• _TASK DESCRIPTION_
The entries below hold a line with "Майката, изоставила малолетното" and a line with "Gwyneth Paltrow et". Return those lines and all that lie between them, exactly and only.

(Records excerpted from a collection)
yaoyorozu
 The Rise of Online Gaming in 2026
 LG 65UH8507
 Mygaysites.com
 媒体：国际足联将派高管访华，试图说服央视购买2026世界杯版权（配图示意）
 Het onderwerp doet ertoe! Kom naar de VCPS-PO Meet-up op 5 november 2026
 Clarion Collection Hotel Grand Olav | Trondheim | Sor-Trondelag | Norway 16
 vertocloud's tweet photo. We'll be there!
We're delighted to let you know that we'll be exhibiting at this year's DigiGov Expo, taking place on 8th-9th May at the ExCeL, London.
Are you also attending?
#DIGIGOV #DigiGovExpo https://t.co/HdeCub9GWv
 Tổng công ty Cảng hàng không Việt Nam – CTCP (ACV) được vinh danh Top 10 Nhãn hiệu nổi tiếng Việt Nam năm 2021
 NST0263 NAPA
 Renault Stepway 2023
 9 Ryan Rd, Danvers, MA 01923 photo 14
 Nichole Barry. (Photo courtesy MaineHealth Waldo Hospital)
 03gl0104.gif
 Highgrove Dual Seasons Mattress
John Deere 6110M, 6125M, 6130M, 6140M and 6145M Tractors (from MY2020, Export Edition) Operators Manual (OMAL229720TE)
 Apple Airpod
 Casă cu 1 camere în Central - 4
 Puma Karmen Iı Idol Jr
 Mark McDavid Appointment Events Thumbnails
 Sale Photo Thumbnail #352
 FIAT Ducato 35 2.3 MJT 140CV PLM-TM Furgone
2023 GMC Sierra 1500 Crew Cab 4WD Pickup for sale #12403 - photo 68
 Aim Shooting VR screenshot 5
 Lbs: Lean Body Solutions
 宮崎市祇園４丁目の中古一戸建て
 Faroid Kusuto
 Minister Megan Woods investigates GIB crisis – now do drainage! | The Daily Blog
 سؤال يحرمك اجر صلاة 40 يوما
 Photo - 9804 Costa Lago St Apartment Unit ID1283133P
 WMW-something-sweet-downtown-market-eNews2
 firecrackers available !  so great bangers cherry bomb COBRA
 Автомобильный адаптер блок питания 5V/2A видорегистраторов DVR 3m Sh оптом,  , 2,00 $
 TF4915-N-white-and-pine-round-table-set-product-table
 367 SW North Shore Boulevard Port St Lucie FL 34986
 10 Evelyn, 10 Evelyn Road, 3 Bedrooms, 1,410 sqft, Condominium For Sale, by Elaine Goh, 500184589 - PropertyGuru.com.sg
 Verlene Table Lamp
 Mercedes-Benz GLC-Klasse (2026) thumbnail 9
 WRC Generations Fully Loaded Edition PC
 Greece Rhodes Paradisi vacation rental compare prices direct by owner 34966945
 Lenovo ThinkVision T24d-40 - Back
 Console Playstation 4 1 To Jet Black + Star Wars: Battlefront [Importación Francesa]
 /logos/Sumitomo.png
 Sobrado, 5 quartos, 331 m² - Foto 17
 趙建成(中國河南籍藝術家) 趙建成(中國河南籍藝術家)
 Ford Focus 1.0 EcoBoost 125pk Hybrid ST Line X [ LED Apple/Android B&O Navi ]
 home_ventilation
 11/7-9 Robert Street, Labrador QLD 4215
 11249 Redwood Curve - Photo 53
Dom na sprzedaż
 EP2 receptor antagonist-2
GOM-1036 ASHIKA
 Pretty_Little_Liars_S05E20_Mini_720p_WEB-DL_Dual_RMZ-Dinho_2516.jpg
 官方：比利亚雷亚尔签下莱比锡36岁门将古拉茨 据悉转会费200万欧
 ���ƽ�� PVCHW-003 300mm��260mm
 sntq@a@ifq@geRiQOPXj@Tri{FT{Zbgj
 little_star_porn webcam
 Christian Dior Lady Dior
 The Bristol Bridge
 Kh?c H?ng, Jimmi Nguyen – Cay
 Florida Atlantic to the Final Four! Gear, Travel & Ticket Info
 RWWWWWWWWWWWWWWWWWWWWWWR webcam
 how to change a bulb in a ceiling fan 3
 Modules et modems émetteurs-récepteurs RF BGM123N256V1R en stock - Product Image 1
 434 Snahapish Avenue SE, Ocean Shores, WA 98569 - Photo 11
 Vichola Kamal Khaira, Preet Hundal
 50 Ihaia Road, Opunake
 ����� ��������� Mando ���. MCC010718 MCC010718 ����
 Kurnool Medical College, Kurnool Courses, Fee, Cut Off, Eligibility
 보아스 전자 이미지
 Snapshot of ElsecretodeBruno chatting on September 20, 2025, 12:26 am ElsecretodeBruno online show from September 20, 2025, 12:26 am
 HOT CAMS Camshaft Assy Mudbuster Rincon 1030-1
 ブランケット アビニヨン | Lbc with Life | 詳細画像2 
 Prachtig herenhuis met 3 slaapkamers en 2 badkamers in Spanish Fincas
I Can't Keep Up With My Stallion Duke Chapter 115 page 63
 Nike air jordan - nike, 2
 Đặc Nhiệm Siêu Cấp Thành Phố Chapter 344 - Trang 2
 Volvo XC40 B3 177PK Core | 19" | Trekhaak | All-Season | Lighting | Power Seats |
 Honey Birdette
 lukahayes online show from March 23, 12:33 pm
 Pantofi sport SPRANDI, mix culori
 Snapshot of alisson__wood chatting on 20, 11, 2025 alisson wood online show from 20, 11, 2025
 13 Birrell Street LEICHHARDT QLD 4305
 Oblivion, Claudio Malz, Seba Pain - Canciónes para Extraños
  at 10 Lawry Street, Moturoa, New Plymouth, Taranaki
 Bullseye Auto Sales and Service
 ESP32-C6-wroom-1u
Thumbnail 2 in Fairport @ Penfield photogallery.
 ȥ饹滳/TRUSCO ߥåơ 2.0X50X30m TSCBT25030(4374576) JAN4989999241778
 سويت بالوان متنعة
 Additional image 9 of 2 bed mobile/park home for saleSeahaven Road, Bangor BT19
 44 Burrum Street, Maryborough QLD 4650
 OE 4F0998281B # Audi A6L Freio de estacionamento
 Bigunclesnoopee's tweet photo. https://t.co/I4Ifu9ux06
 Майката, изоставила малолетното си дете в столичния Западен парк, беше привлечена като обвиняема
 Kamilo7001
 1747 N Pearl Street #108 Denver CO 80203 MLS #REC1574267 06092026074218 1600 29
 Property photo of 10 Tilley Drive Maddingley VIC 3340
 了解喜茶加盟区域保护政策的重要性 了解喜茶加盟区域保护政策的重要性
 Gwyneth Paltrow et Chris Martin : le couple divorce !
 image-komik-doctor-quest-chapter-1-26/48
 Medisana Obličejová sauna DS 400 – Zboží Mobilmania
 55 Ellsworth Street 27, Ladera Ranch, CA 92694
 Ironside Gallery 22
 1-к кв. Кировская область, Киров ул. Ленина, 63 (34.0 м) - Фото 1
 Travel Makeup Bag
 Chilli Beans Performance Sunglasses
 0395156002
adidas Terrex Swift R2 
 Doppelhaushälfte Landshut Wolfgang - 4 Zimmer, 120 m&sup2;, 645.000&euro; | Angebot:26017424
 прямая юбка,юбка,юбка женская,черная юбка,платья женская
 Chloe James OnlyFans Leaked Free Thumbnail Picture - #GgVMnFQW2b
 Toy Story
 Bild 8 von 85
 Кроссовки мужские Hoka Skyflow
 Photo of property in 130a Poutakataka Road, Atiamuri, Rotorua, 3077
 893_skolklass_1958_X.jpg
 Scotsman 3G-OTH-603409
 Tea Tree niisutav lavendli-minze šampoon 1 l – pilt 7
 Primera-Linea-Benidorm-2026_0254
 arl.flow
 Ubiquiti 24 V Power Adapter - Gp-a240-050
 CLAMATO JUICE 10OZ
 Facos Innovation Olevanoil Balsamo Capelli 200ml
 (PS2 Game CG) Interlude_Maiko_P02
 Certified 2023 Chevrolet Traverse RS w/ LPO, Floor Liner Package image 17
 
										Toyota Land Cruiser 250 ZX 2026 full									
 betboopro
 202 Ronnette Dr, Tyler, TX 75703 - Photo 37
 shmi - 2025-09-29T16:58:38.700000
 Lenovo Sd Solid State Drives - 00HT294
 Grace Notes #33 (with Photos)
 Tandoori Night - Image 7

• _SOLUTION TO THE PROBLEM_
 Майката, изоставила малолетното си дете в столичния Западен парк, беше привлечена като обвиняема
 Kamilo7001
 1747 N Pearl Street #108 Denver CO 80203 MLS #REC1574267 06092026074218 1600 29
 Property photo of 10 Tilley Drive Maddingley VIC 3340
 了解喜茶加盟区域保护政策的重要性 了解喜茶加盟区域保护政策的重要性
 Gwyneth Paltrow et Chris Martin : le couple divorce !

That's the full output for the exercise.